TRANSAMIN® 500 film-coated tablet:A white colored tablet, each tablet contains 500 mg of Tranexamic Acid.
TRANSAMIN® 250 injection:Colorless and clear injectable solution, each ml contains 50 mg of Tranexamic Acid.
TRANSAMIN® 500 injection:Colorless and clear injectable solution, each ml contains 100 mg of Tranexamic Acid.
Chemical name:Trans-4-aminomethycyclohexanecarboxylic acid (AMCHA)

FARMACOLOGICAL ACTIONS :
  1. Antiplasminic activity
    • TRANSAMIN® inhibits both actions of plasminogen activator and plasmin.
    • Antiplasminic activity of TRANSAMIN® Is proven by various measurements in vitro, and by determination of plasmin activity in the blood and local activity after administering to the human body as well
  2. Hemostatic activity
    • TRANSAMIN® prevents degradation of fibrin, degeneration of platelet, increase of vascular fragility and splitting of coagulation factors.
    • These effects are clinically proved by reduction of bleeding amount, shortening of bleeding time and bleeding period in days.
  3. Anti allergic and antiinflammatory activities
    • Plasmin produces kinin and other active peptides which cause allergy and inflammatory diseases, and TRANSAMIN® improves inflammatory symptoms by inhibiting their production. 
INDICATIONS :
  1. Bleeding after systemic fibrinolysis as leukimia. hypoplastic anemia, purpura or abnormal bleeding during operation.
  2. Abnormal bleeding after local fibrinolysis such as bloody sputum and hemoptysis in pulmonary tuberculosis, genital bleeding, renal bleeding, or abnormal bleeding during/ after prostate operation.
  3. Erythema, sweeling and itching in eczema or similar diseases, urticaria, toxic exanthema and drug eruption.
  4. Pharyngodynia, flare, hyperemia in tonsilitis and pharyngolaryngitis.
  5. Stomatodynia and buccal mucosal aphtha in stomatitis.

CONTRAINDICATION :
Tranexamic Acid is contraindicated in patients with a history of thromboembolic.

SIDE EFFECTS :
Gastrointestinal disturbances, nausea, vomiting, anorexia, exanthema, and headache may occur in oral administration. These symptoms disappear by reducing the dose or discontinuing the administration.

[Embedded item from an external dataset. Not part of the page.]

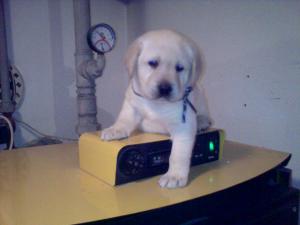 Vand catelusi labrador retriever auriu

DOSAGE AND ADMINISTRATION :
TRANSAMIN® 250 capsule :
Usual oral dose for adults is 1-2 capsules, 3-4 times a day.
TRANSAMIN® 500 film-coated tablet:
Usual oral dose for adults is ½-1 tablet, 3-4 times a day.
TRANSAMIN® 250 injection and TRANSAMIN® 500 injection :
For adults, 250 mg to 500 mg/day of Tranexamic Acid is usually administered intravenously or intramuscularly in one to three divided doses.
Dosage of TRANSAMIN® should be individualized in accordance with the patient's age and clinical condition.

PRECAUTIONS :
  1. When administered intravenously, it is advisable to inject as slowly as in the case of Calcium preparations (10 ml/1-2 minutes).
  2. Should be used with caution in patients with impaired renal function because of its accumulation risk.
  3. Should be used with caution in hematuria patients (especially In haemophilia) because upper urinary tract damage has been reported in several cases.
  4. Long-term therapy in hereditary angioneurotic oedema regular patients must be followed by eye examinations and liver function test.
  5. Should be used with caution in pregnant and lactation women because of its teratogenic and antifibrinolytic effects in neonates. 
STORAGE :
Store in a cool and dry place, protect from light.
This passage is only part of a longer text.